Thursday, September 17, 2015

Tracing the contours of digital transformation, Part One

Tracing the contours of digital transformation, Part One. September 11, 2015.
     Interesting article about changing our institutions to encompass digital technology.  Some quotes and notes:
  • “digital” transformation is, at it’s most fundamental level, not about digital technologies, but about people, mindsets, relationships, and things. 
  • transforming our processes will deliver transformed products more effectively
  • Delivering innovative (and even revolutionary) experiences is a lot easier to do from a position of knowing what you are (and aren’t) about. 
  • there’s still plenty of work to be done to thoughtfully tackle the big issue of digital transformation and become a postdigital institution, "one that has normalized and internalized digital technologies to an extent that they permeate the whole institution and how the institution works".

Enduring Access to Rich Media Content: Understanding Use and Usability Requirements


Enduring Access to Rich Media Content: Understanding Use and Usability Requirements. Madeleine Casad, Oya Y. Rieger and Desiree Alexander. D-Lib Magazine. September 2015.
     Media art has been around for for 40 years and presents serious preservation challenges and obsolescence risks, such as being stored on fragile media. Currently there are no archival best practices for these materials.
  • Interactive digital assets are far more complex to preserve and manage than regular files. 
  • A single interactive work may contain many media files with different types, formats, applications and operating systems. Any failure and the entire presentation may be unviewable.
  • Even a minor problem with can compromise an artwork's "meaning." 
  • Migrating information files to another storage medium is not enough to preserve their most important cultural content. 
  • Emulation is not always an ideal access strategy since it can introduce additional rendering problems and change the original experience.
The article surveyed media art researchers, curators, and artists, in order to better understand the "relative importance of the artworks' most important characteristics for different kinds of media archives patrons." Some of the problems mentioned were the lack of documentation and metadata, discovery and access, and technical support. Also problems with vanishing webpages, link rot, and poor indexing. 

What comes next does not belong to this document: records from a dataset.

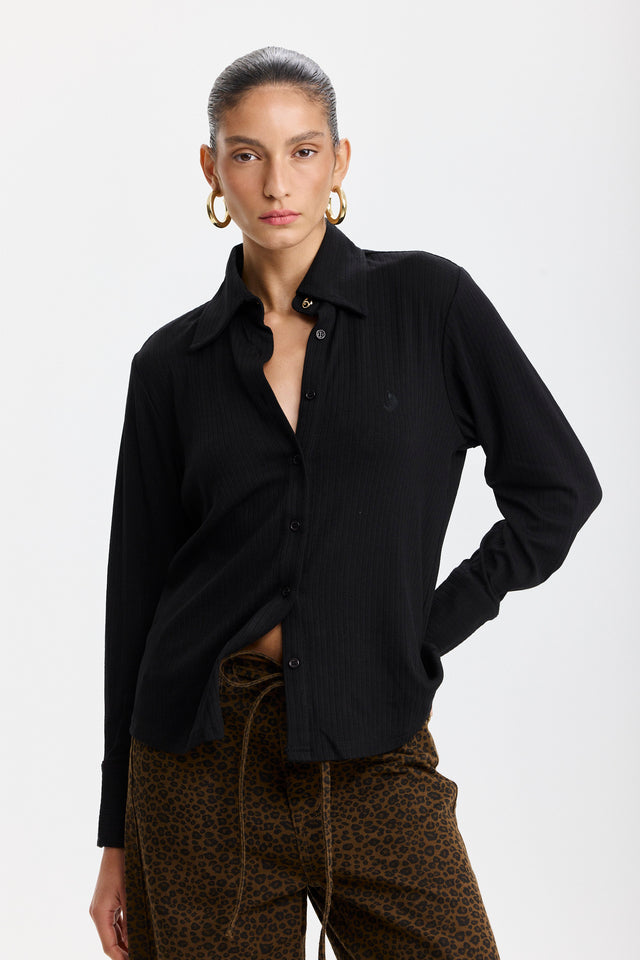 חולצה מכופתרת פינה קולדה ספייסי ארוכה שחורה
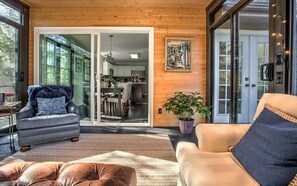 Fernseher, Kamin, Bücher, Stereoanlage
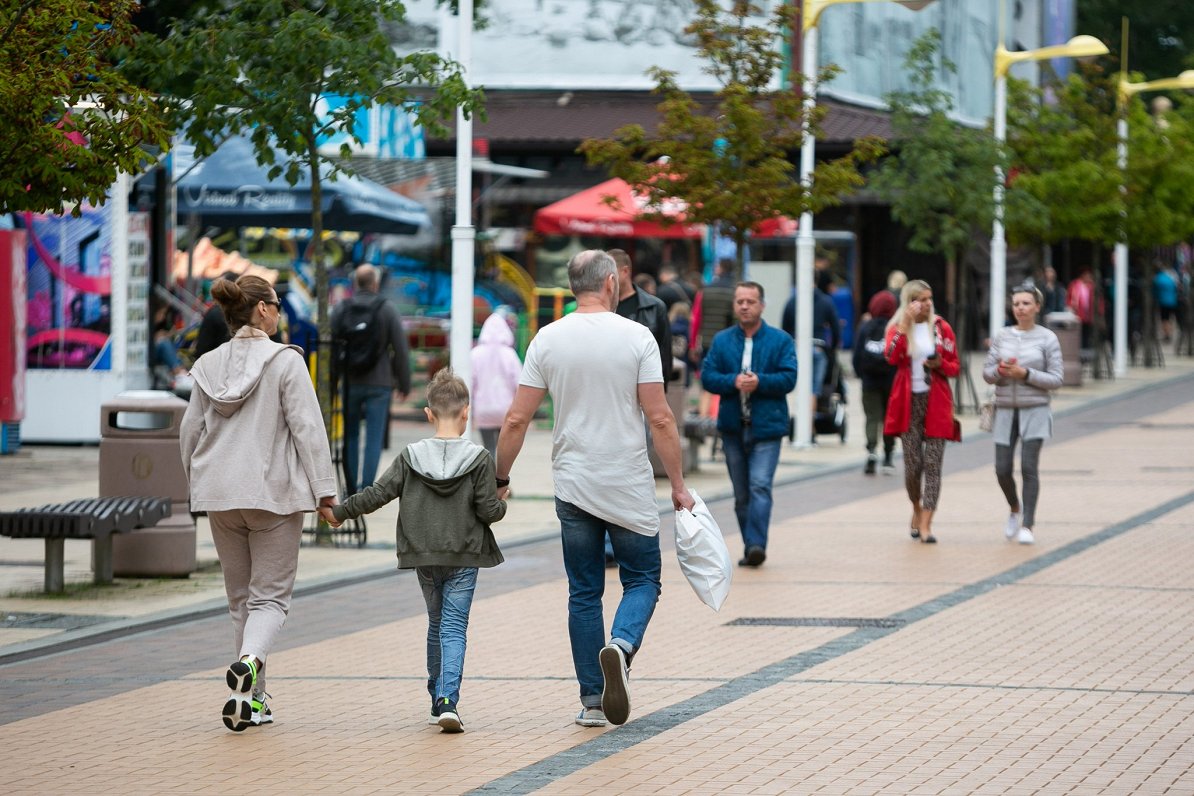 Cilvēki Lietuvas pilsētas Palangas ielās. 2020. gada augusts.
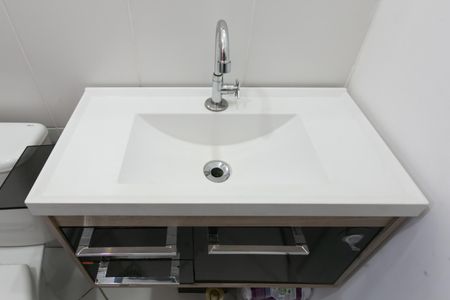 Apartamento à venda com 47m², 2 quartos e 1 vaga Apartamento à venda com 47m², 2 quartos e 1 vagaBanheiro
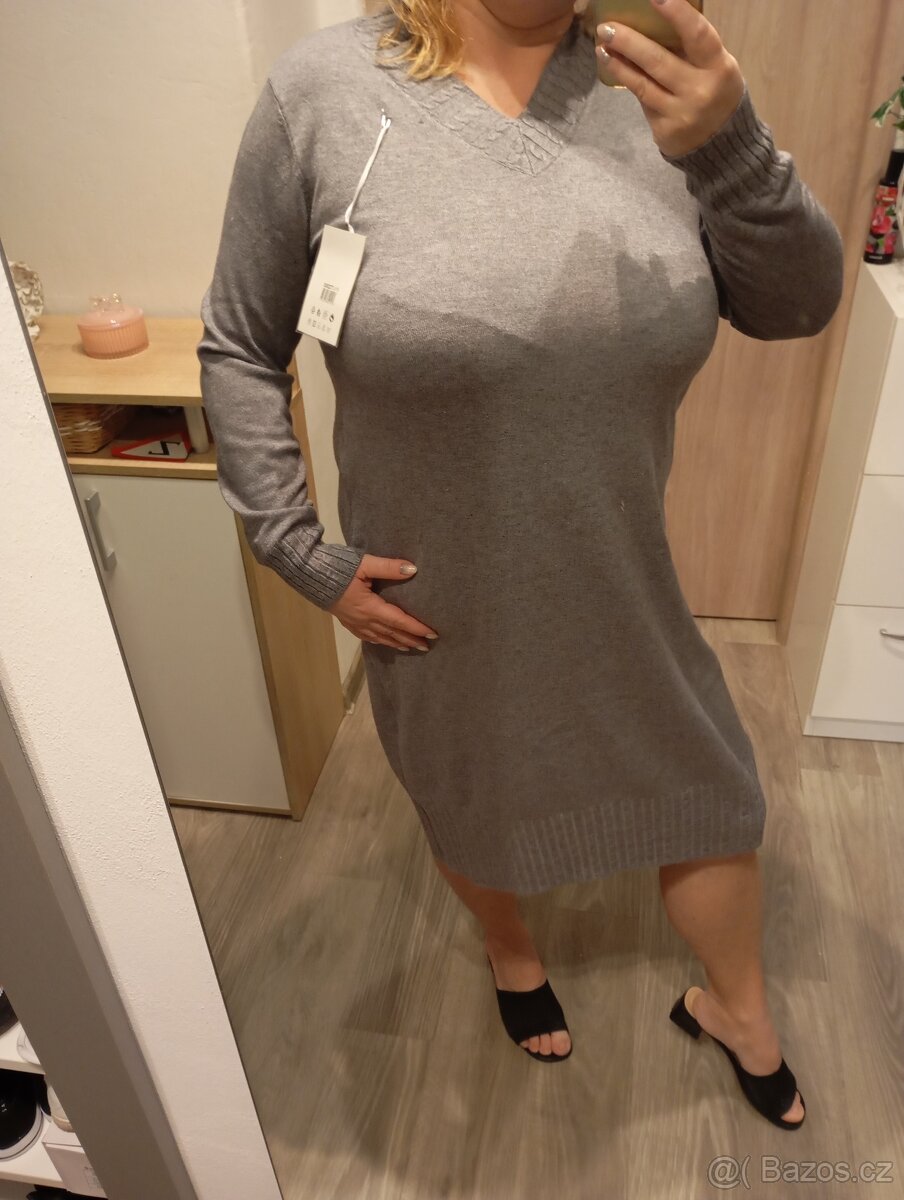 Šaty šedé úpletové - 2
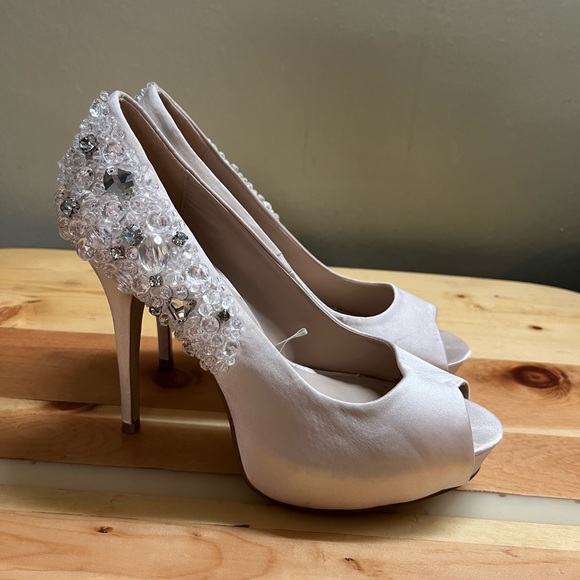 Ever New Melbourne heels - Picture 2 of 5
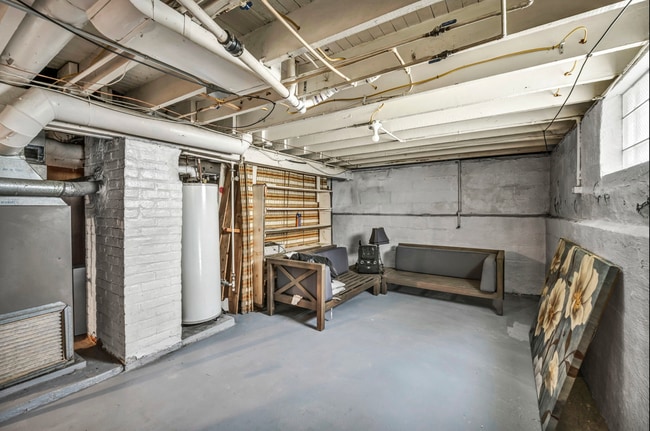 Building Photo - 4105 E 64th St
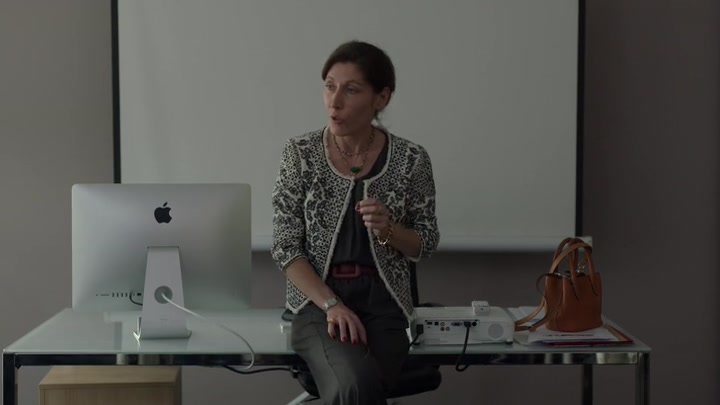 Emily_in_Paris_S02E05_WEBRip_x264-ION10_0583.jpg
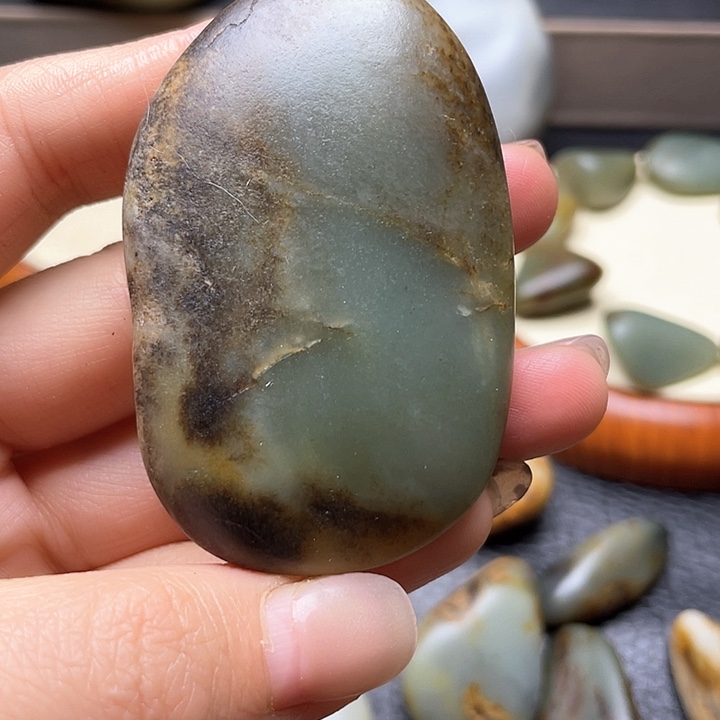 和田玉颈饰未镶嵌10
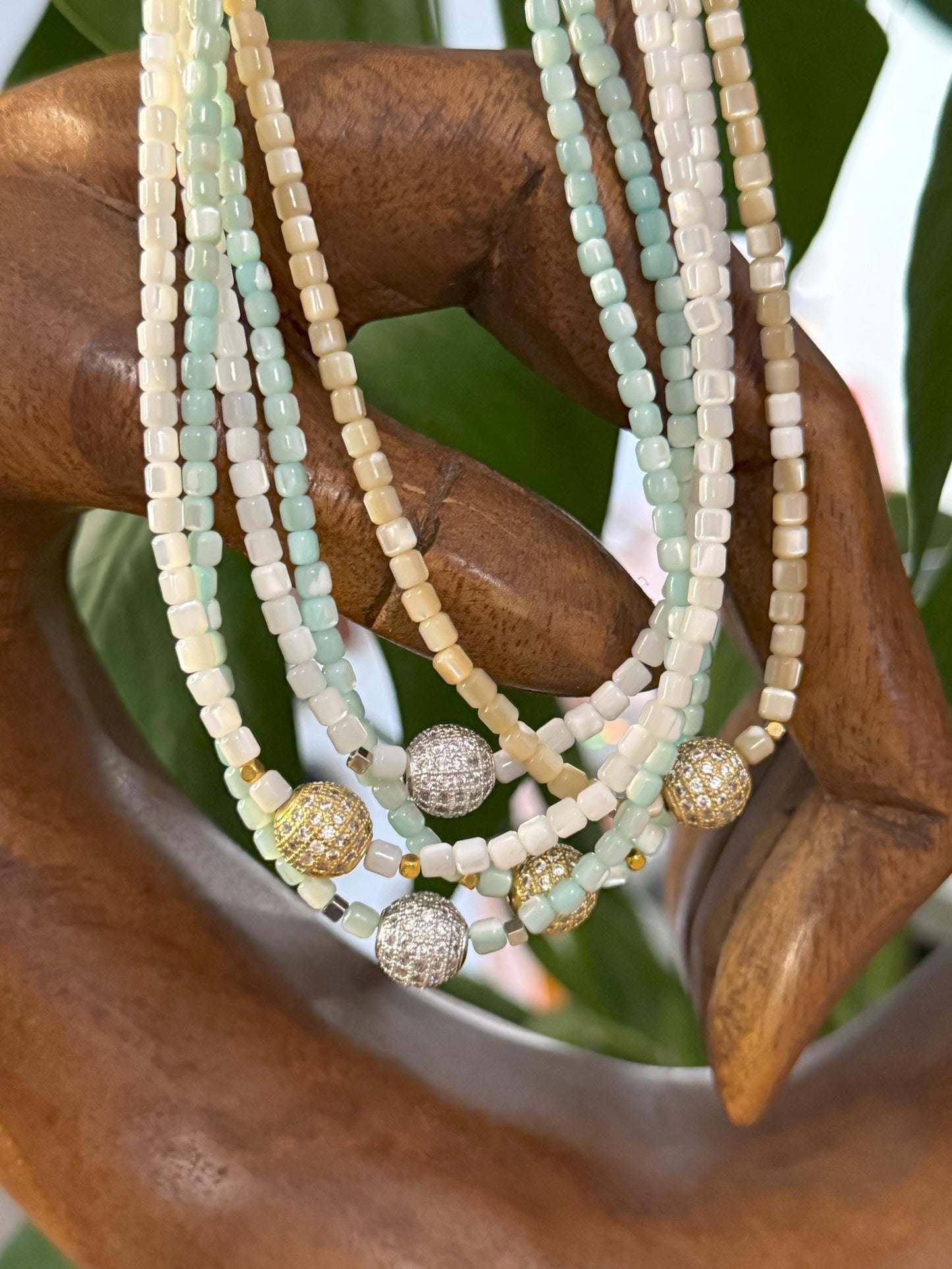 Shell Necklace, Natural Stone, Mothers Day, Elegant Necklace, Bride Necklace, Bridesmaids necklace, White Pearl Necklace, White Shell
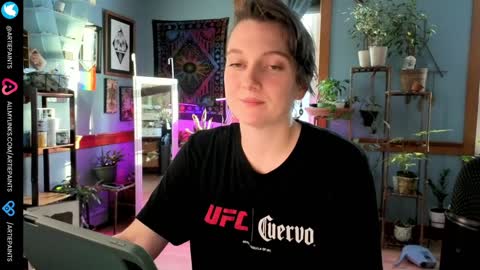 Snapshot of artiepaints chatting on December 2024 08:04:01 PM Artie Paints online show from December 2024 08:04:01 PM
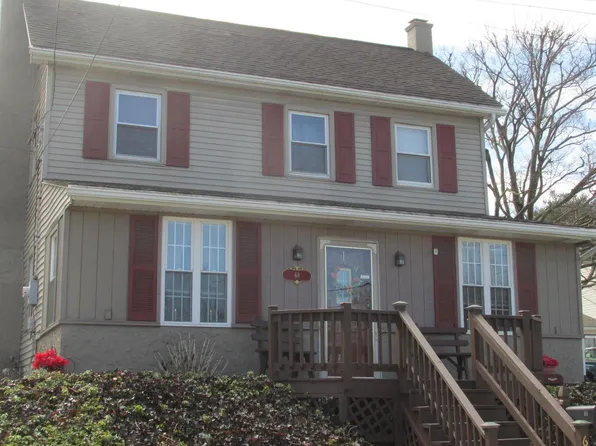 68 Germantown Ave, Christiana, PA 17509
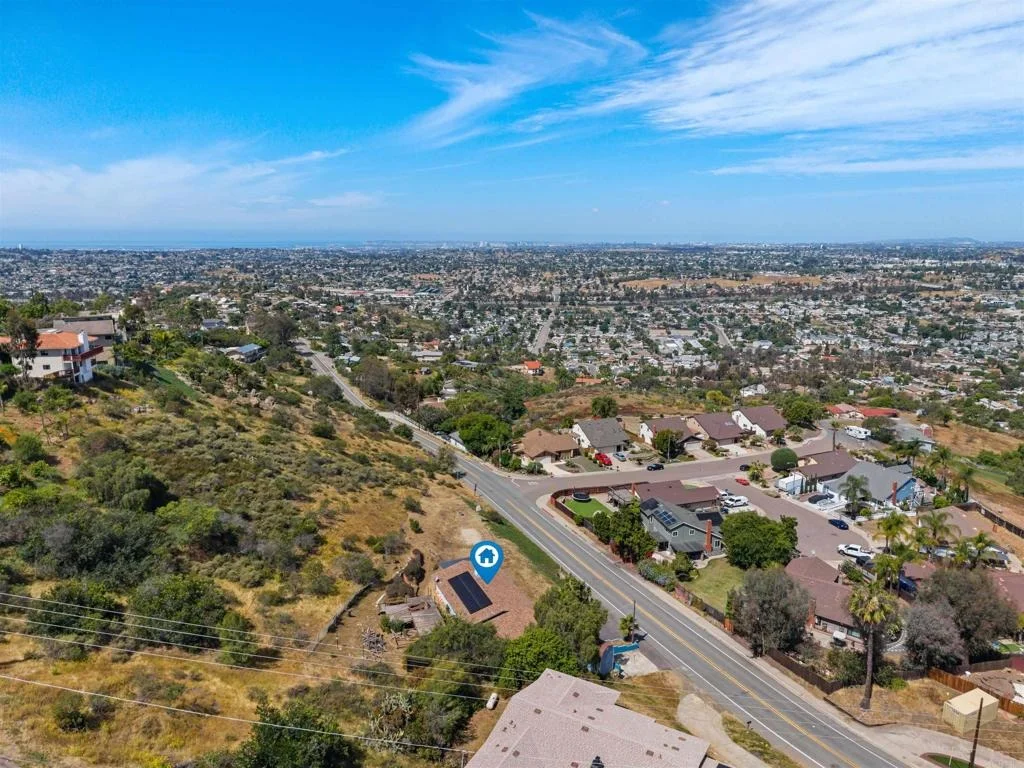 Photo of 2443 Helix Street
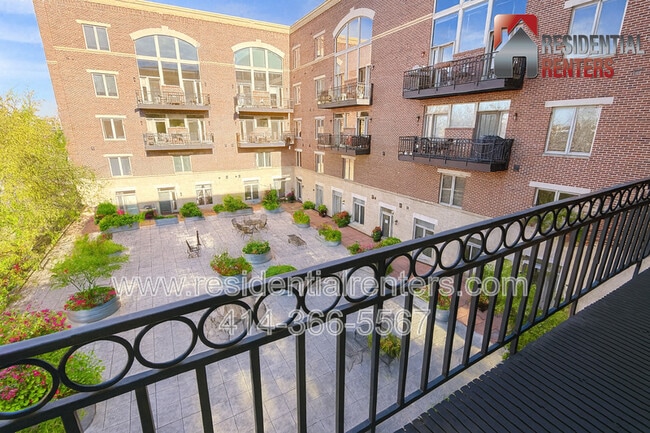 Building Photo - 1515 N Van Buren St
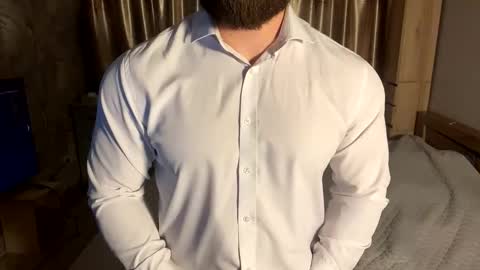 Snapshot of muscularjuggler chatting on March 23, 2026, 4:11 pm muscularjuggler online show from March 23, 2026, 4:11 pm
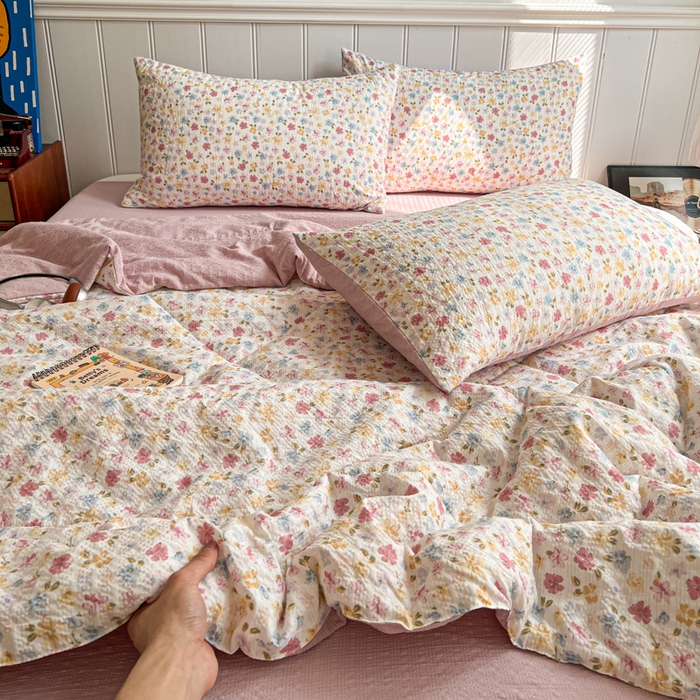 91家纺网 家纺一手货源 找家纺 禾沐  2026新款泡芙纱夏被四件套简单款 花序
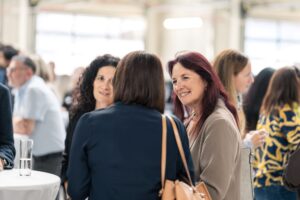 Ausbilder*innen beim Austausch in der Pause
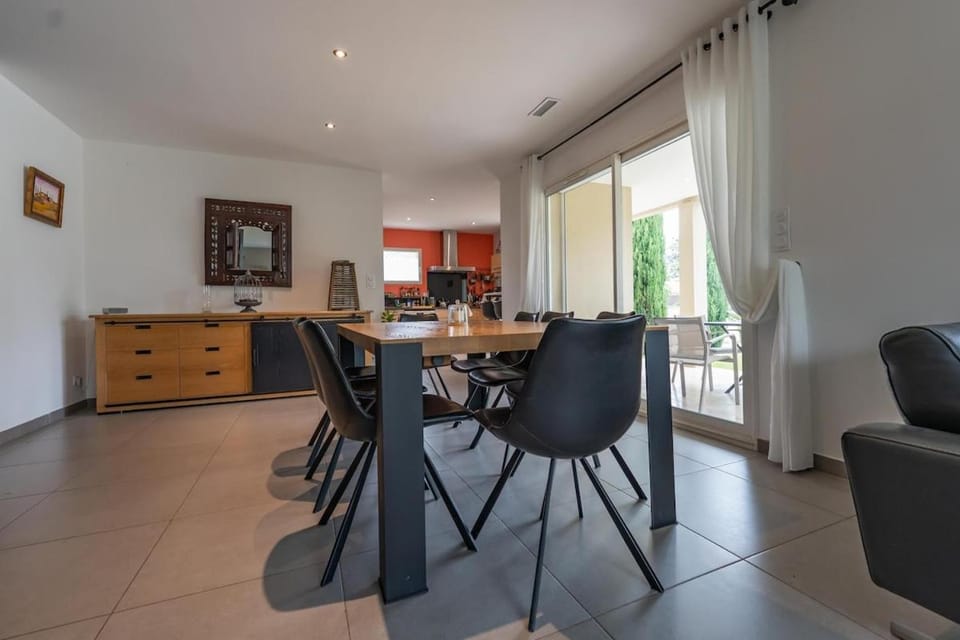 Villa with private pool in Provence Villa in L'Isle-sur-la-Sorgue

Artists are concerned about the longevity of their creative work; it can be difficult selling works that may become obsolete within a year.  Curators of new media art may not include born-digital interactive media in their holdings because they are too complex or unsustainable. Some preservation strategies rely on migration, metadata creation, maintaining a media preservation lab, providing climate controlled storage, and collecting documentation from the artists. 

They are also concerned about "authenticity" in a cultural rather than technical sense. InterPARES defines an authentic record as "a record that is what it purports to be and is free from tampering or corruption". With digital art this becomes more difficult to do, since restoring ephemeral, technological or experiential artwork may alter its original form in ways that can affect its meaning. Authenticity may be more of "a sense that the archiving institution has made a good-faith commitment to ensuring that the artist's creative vision has been respected, and providing necessary context of interpretation for understanding that vision—and any unavoidable deviations from it".

Curators need to work with artists to ensure that artworks' most significant properties and interpretive contexts were preserved and documented.  This is more than ensuring bit-level fixity checks or technically accurate renderings of an artwork's contents. The key to digital media preservation is variability, not fixity; finding ways to capture the experience so future generations will get a glimpse of how early digital artworks were created, experienced, and interpreted.

Therefore, diligent curation practices are more essential than ever in order to identify unique or exemplary works, project future use, assess loss risks, and implement cost-efficient strategies.